03/12/2015 21h23

Concurso da Câmara de Dourados teve questões repetidas em provas de horários diferentes

Caso o concurso seja anulado, Câmara não terá a quem convocar e por isso deixará de exonerar servidores nomeados que o MPE pede para serem demitidos. Divulgação

O concurso público para preenchimento de 29 vagas na Câmara Municipal de Dourados apresentou indícios de irregularidades. Essa é a avaliação de candidatos que fizeram as provas e constataram, por exemplo, perguntas com respostas idênticas em avaliações aplicadas em períodos diferentes. Desta forma, de manhã já seria possível saber o que viria a ser questionado à tarde.

Isso aconteceu com uma candidata que procurou a 94 FM nesta quinta-feira (3). Sem identificar-se por razões pessoais, ela informou que na manhã do dia 29 de novembro fez a prova para concorrer à uma das 14 vagas para o cargo de Assistente Administrativo. Na tarde daquele dia, voltou à sala de aula visando a única vaga disponível para Advogado no Legislativo municipal.

Foi na segunda prova que ela percebeu a repetição de pelo menos cinco questões já respondidas na avaliação feita de manhã. Essas perguntas constam na matéria Legislação Municipal, conforme é possível ver nos cadernos de respostas aos quais a 94 FM teve acesso.


Cadernos de respostas das provas aplicadas de manhã (à esquerda) para Assistente Administrativo e de tarde (à direita) para advogado apresentam questões idênticas; a 16 é apenas uma das cinco.

 

A primeira prova começou a ser aplicada às 8h. Embora tivesse duração prevista de 4 horas, uma hora e meia após seu início, às 9h30, já era possível deixar a sala com o caderno de questões em mãos. Ou seja, pelo menos cinco questões e suas respetivas respostas que seriam aplicadas à tarde podiam ser conhecidas com 3 horas e 30 minutos de antecedência por um eventual candidato. É o caso, por exemplo, da denunciante que tentava vagas em dois cargos distintos, com provas de manhã e de tarde.

Situação semelhante a essa ocorrida em Dourados, que desrespeita o princípio da igualdade, já motivou a anulação de concursos públicos pelo Brasil, segundo a candidata que fez a denúncia.

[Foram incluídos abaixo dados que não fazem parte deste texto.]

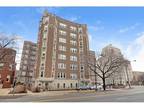 42261902 6342 N Sheridan Rd #5B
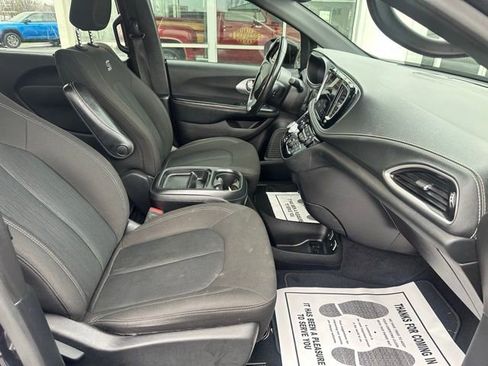 Used 2021 Chrysler Pacifica Touring w/ S Appearance Package FWD image 11
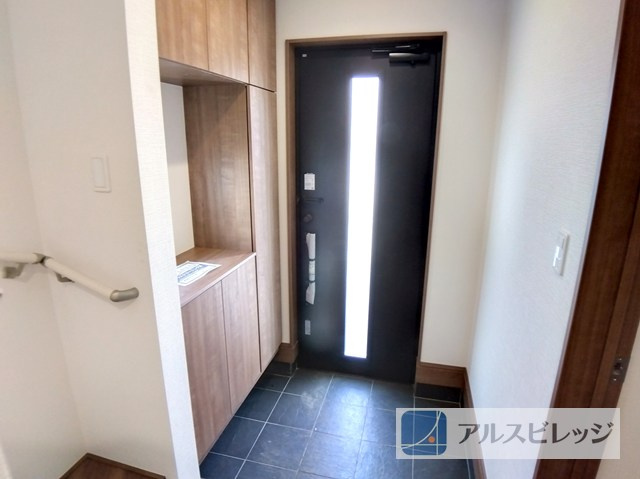 新築/新座市あたご3丁目　全2棟の玄関|玄関です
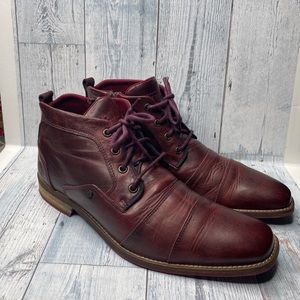 STEVE MADDEN KRAMERR BURGUNDY BOOTS - SIZE 11
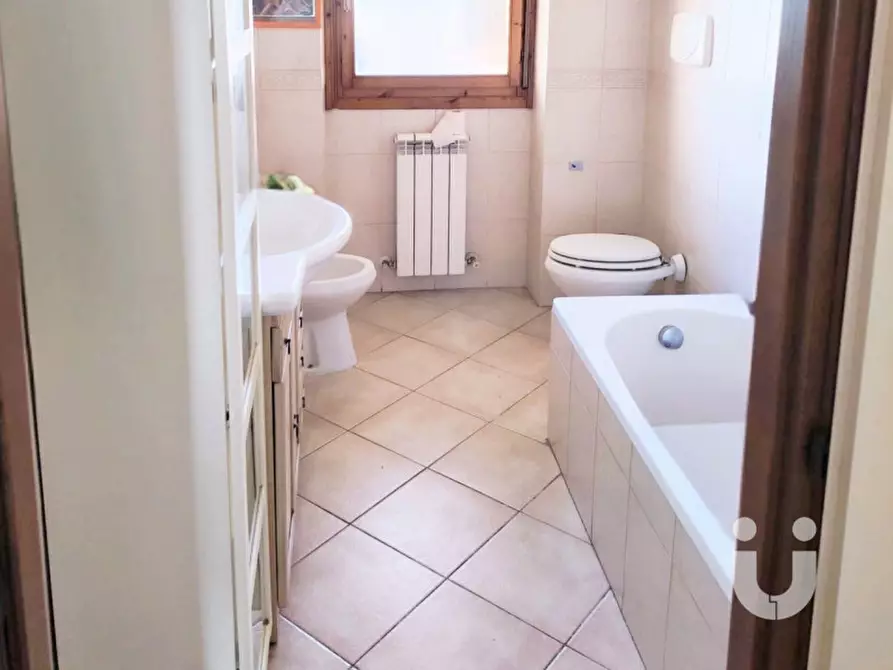 Immagine 14 di Appartamento in vendita  in Viale dei Caduti per la Resistenza a Roma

Ela pretende acionar as autoridades, MPE-MS (Ministério Público Estadual) e Defensoria Pública.

Organizado pelo Idagem (Instituto de Desenvolvimento e Aperfeiçoamento da Gestão Municipal), o concurso público da Câmara de Dourados foi aberto após recomendação do próprio MPE, que identificou irregularidades na manutenção de cargos comissionados (ocupados por servidores nomeados) e exigiu a inclusão de efetivos, que ingressam no quadro funcional mediante concurso público.

Entre alguns candidatos que fizeram as provas, há suspeita de que o concurso foi feito com margem para anulação propositalmente. Caso seja anulado, o Legislativo municipal não terá a quem convocar, portanto não precisará exonerar os nomeados que o MPE aponta como irregulares.

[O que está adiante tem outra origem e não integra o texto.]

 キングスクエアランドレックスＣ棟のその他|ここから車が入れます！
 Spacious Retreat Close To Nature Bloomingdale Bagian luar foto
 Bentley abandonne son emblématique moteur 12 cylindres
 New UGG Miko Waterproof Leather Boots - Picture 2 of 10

No final de setembro a Casa de Leis anunciou a realização do concurso. À ocasião, informou que as provas seriam aplicadas dia 15 de novembro. No entanto, no dia 6 de outubro, data limite para as inscrições, o presidente da Câmara, vereador Idenor Machado (DEM), comunicou às pressas a prorrogação do prazo para 16 de novembro. Com isso a prova só foi realizada no dia 29 passado.